11:58 Publié dans Hommages | Lien permanent | Commentaires (0)

Mars attacks, even in April...

Sometimes it's snow in April...

Depannage Rideau Metallique 93 | 01 85 42 08 22

Après avoir, en 2015, arraché des billets pour le concert inespéré des Foo Fighters à Lyon, à l'ouverture matinale de la Fnac, en ayant franchi le rideau métallique du magasin, en rampant, tel un Indiana Jones moderne en quête de délectable Nutella en promo ou de précieux papiers toilette en période de confinement, me voilà bien démuni quand les terribles attentats terroristes furent là!

Hommages...

 

Après avoir espéré, après la désespérance, les voir à Nîmes en 2020, voilà qu'une pandémie mondialisée submerge notre petit univers connu et dilapide les concerts des Foo Fighters entre autres conséquences gravissimes.

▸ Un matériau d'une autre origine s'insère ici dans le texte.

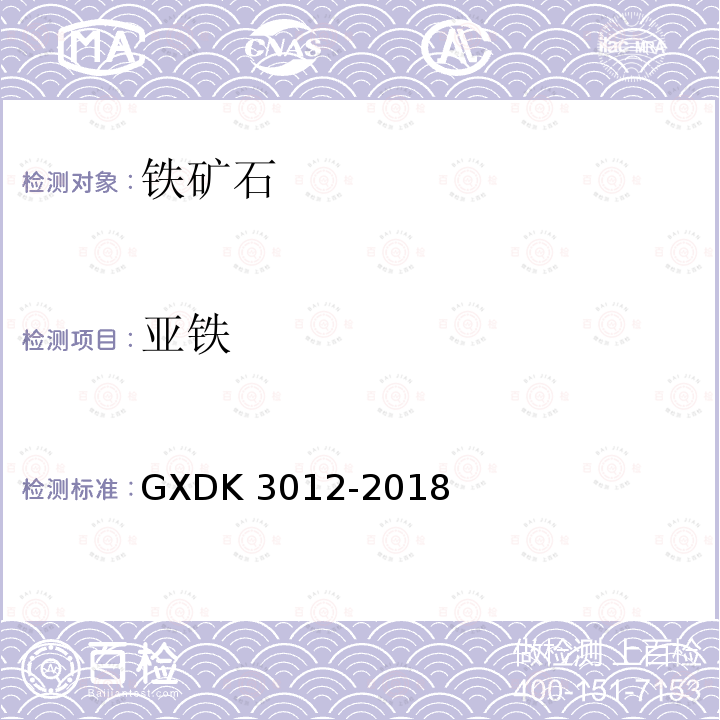 亚铁 K 3012-2018  GXD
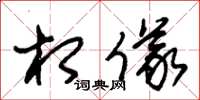 朱锡荣相仪草书怎么写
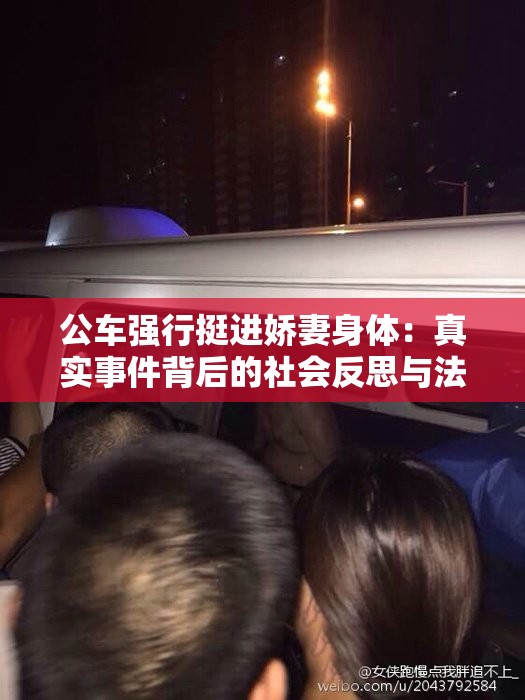 公車強(qiáng)行挺進(jìn)嬌妻身體：真實事件背后的社會反思與法律探討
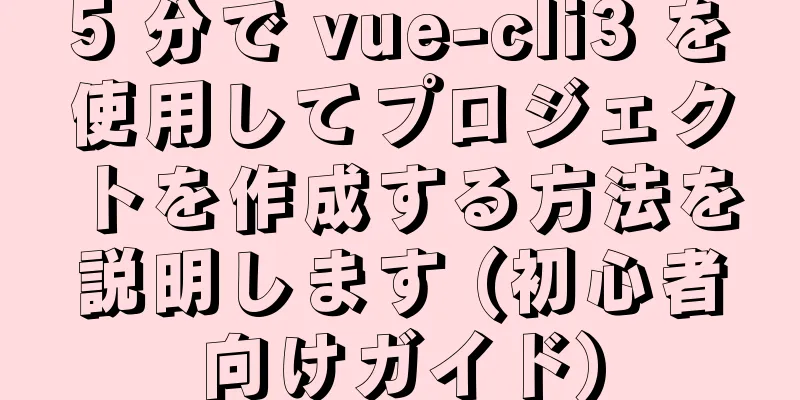 5 分で vue-cli3 を使用してプロジェクトを作成する方法を説明します (初心者向けガイド)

"2020 marque le 25e anniversaire du groupe de rock fièrement mené par Dave Grohl. Les américains ont annoncé sur les réseaux sociaux qu’ils comptaient faire quelque chose de spécial pour fêter leur quart de siècle :

Bordel !!! 25 ans ?! Merci à tous d’avoir été avec nous année après année… pour avoir chanté avec nous et fait de chaque concert la nuit de nos vies. On en est SEULEMENT au début, donc attache ta ceinture 2020… Ça va être une année FOLLE, pleine de trucs incroyables."

 

Prémonition grotesque ou ironie de l'Histoire? Me faut-il prier ou conjurer l'adage superstitieux de "Jamais deux sans trois" (ou "Jamais Dieu sans toi"?), moi, athée pratiquant, pour éviter qu'une horreur lovecraftienne sans nom ne surgisse à nouveau si je m'empresse d'acheter un nouveau billet pour 2021?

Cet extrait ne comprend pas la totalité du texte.